Monday, April 21 1997; Page A16


The subject that has been most discussed by the politicians thus far this year has been not the budget, nor the state of the economy, nor the various aspects of health care nor peace in the Middle East. It has been campaign finance – and the discussion has been almost entirely fraudulent. It is widely agreed, and rightly so, that we are in the middle of a campaign finance "scandal," and both parties are forced by convention to express their indignation at that. But they are huffing and puffing about a problem that neither is willing to describe accurately – for the good reason that both are complicit in it and have a vested interest in perpetuating precisely what they must denounce. It is like one of those plays in which the characters can't or don't communicate and instead spend their time talking past one another and the truth. The point keeps getting missed – on purpose.

The basic problem is that the cost of conducting a campaign for federal office has been bid up to a point that is destructive of the very democratic process it is said to represent. The cost at both the congressional and presidential levels is obscene. One reason may be that so many of the candidates, lately including those for president, have had so little to say. It's not just TV that's expensive. Blur is expensive. In any case, the candidates and parties increasingly have responded to the cost by overriding or circumventing even the relatively modest set of rules put in place in the 1970s in response to the last great fund-raising scandal, that of the Nixon administration.

The rules imposed then were meant to limit the extent to which offices and office-holders can be bought, but in last year's presidential race, both parties tossed them almost completely out the window. Both pretended to abide by the law while raising money in amounts and from sources that the law forbids, and the amounts were huge. It is hard to decide which was worse, the pretense or the excess. The law is written in such a way that the violators could be fairly confident that they would suffer no penalty; this beat has no real cops.

That is the fundamental scandal that neither party will confront. The president, safely past his last campaign, claims now to want to strengthen a set of rules whose weaknesses he led the way in exploiting. The claim is unconvincing. He converts his own excesses into an agenda. Most of the congressional Democrats don't want to talk about the excess in the system either. In part, they seek to protect the president, in part to protect themselves: What could be so wrong, after all, with a system that elected them? The Republicans have the hardest time of all, because they are the stoutest defenders of the system that they attack the president for having used to such advantage.

Because no one can quite afford to talk about Topic A, they all talk about topics B, C and D: What are the ground rules going to be for the various congressional investigations of the subject? Should or shouldn't the attorney general seek appointment of an independent counsel? The Justice Department says one reason it hasn't gone to such lengths is that so much of the fund-raising at the center of the dispute involved so-called soft money rather than hard, meaning money that went to the Democratic National Committee rather than to the president's campaign organization. The law, the department's career prosecutors say, doesn't apply to soft money, so technically they have no violations to prosecute. And technically that may be so, but of course the point is that in the last campaign the distinction between hard and soft money disappeared.
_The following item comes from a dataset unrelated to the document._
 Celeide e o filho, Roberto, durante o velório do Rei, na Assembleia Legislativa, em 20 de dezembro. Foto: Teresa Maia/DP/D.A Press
Both parties raised much more hard money than the law allows and merely called it soft to avoid regulation. The Republicans could make that point; it would strengthen their argument for an independent counsel. But they are the last to want soft money regulated. They want a counsel, but not a counsel who might insist on strict enforcement of the campaign finance laws.

The whole question of an independent counsel, and of turning what happened last year into a criminal as distinct from a broader civic offense, is to some extent a red herring. We don't mean to suggest that there ought not be a criminal inquiry, and in fact several are going on. An independent counsel continues to look into the sprawl of issues called Whitewater, including whether an effort was made to buy the silence of possible witness and former associate attorney general Webster Hubbell. A Justice Department task force and congressional committees are looking into the fund-raising squalor. If people committed crimes in the course of that fund-raising, they ought to pay the price, whoever they are. And the truth – the full truth – ought to be extracted from them, whether criminal or not.
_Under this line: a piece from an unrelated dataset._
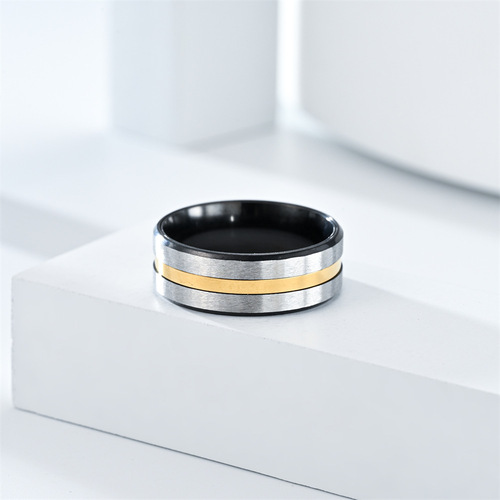  European and American new two-color black and gold fashion trend couple rings source manufacturer with large quantity and preferential treatment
But the churning about the lurid particulars of how that money was raised last year ought not be allowed to take the public eye off the broader questions: What do you do about the solicitation system generally? How do you keep electoral outcomes, and the policy outcomes to which they lead, from being bought? The politicians – both parties – are conducting a kind of mock debate about the lesser issues as a diversion and an alternative to dealing with the central one. That's the ultimate scandal, and they should not be allowed to get away with it.